* INFORMATION SHOWN
----
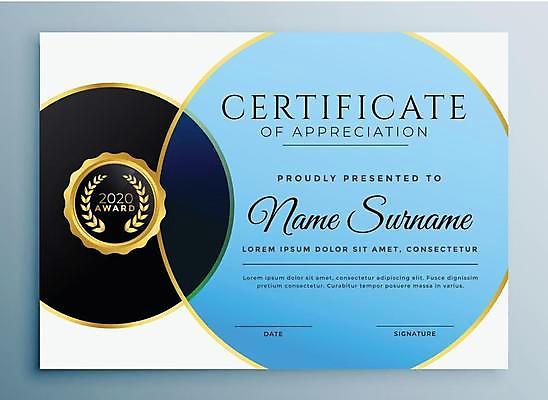 EPS 해외이미지 템플릿 일러스트 비즈니스 사람없음 파란색 원형 심플 겹침 월계수 증명서 해외일러스트 도형 컬러 파일형식 벡터 이미지허브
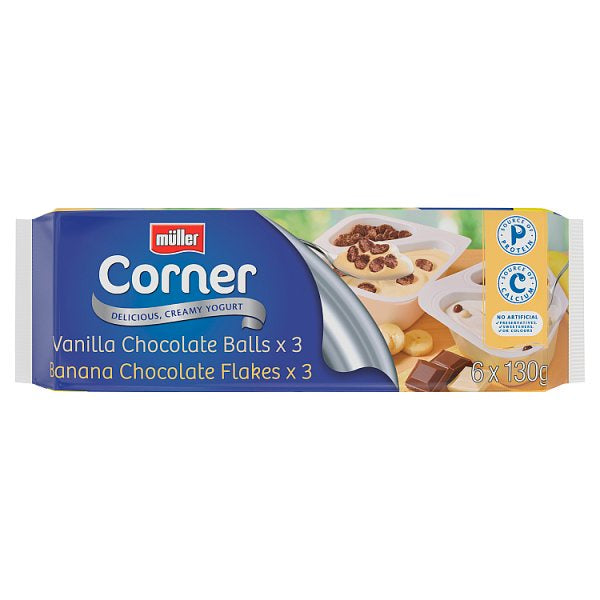 Muller Corner Yogurts Van Choc & Banana Choc 6pk #
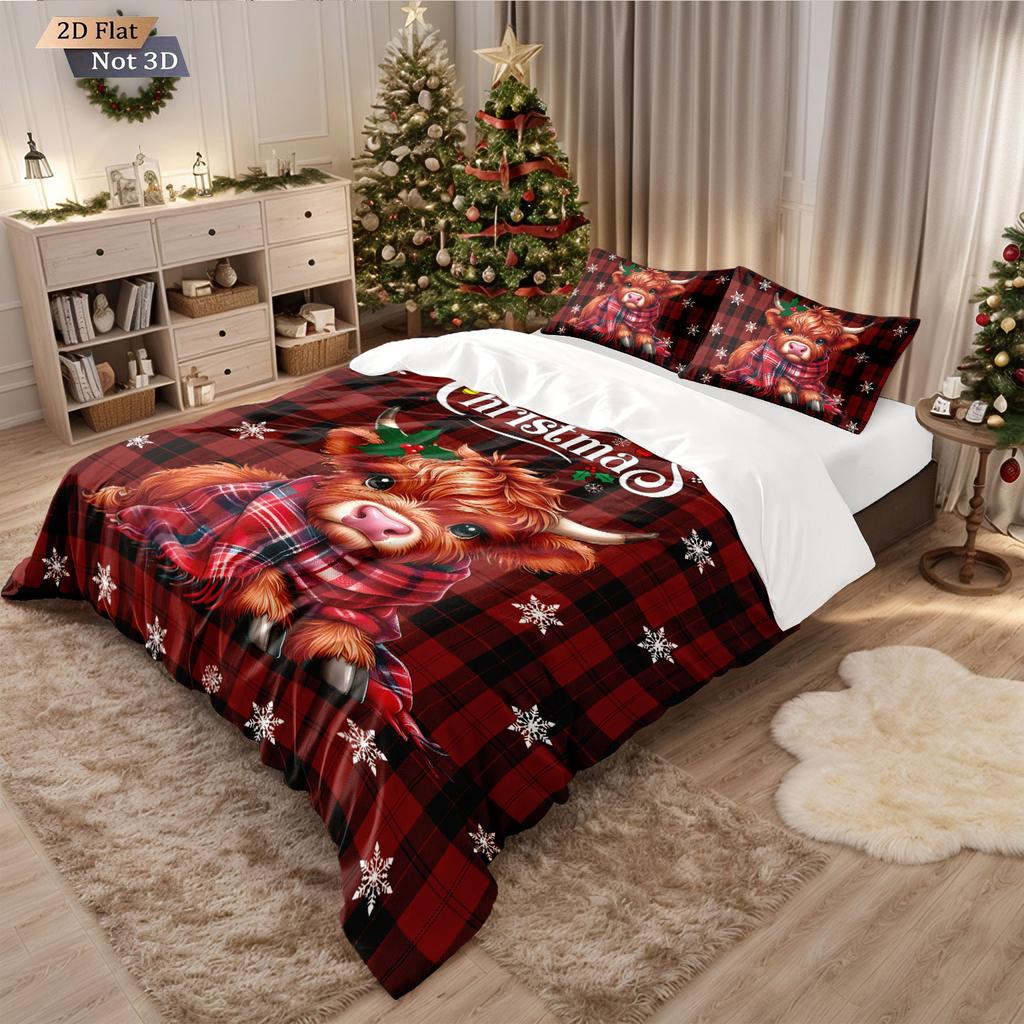 3-teiliges Weihnachts-Hochlandrind-Print-Kernloses-Quilt-Set, mehrgrößig, Schlafzimmer, Wohnheim-Bettwäsche-Dekoration, weich, maschinenwaschbar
----
* WHAT YOU WILL DO
Starting at the line that contains "Muller Corner Yogurts" and ending at the final line of the data, reproduce each line exactly. Pictures stay out of the copy.

* OUTPUT FOR THIS EXERCISE
 Muller Corner Yogurts Van Choc & Banana Choc 6pk #
 3-teiliges Weihnachts-Hochlandrind-Print-Kernloses-Quilt-Set, mehrgrößig, Schlafzimmer, Wohnheim-Bettwäsche-Dekoration, weich, maschinenwaschbar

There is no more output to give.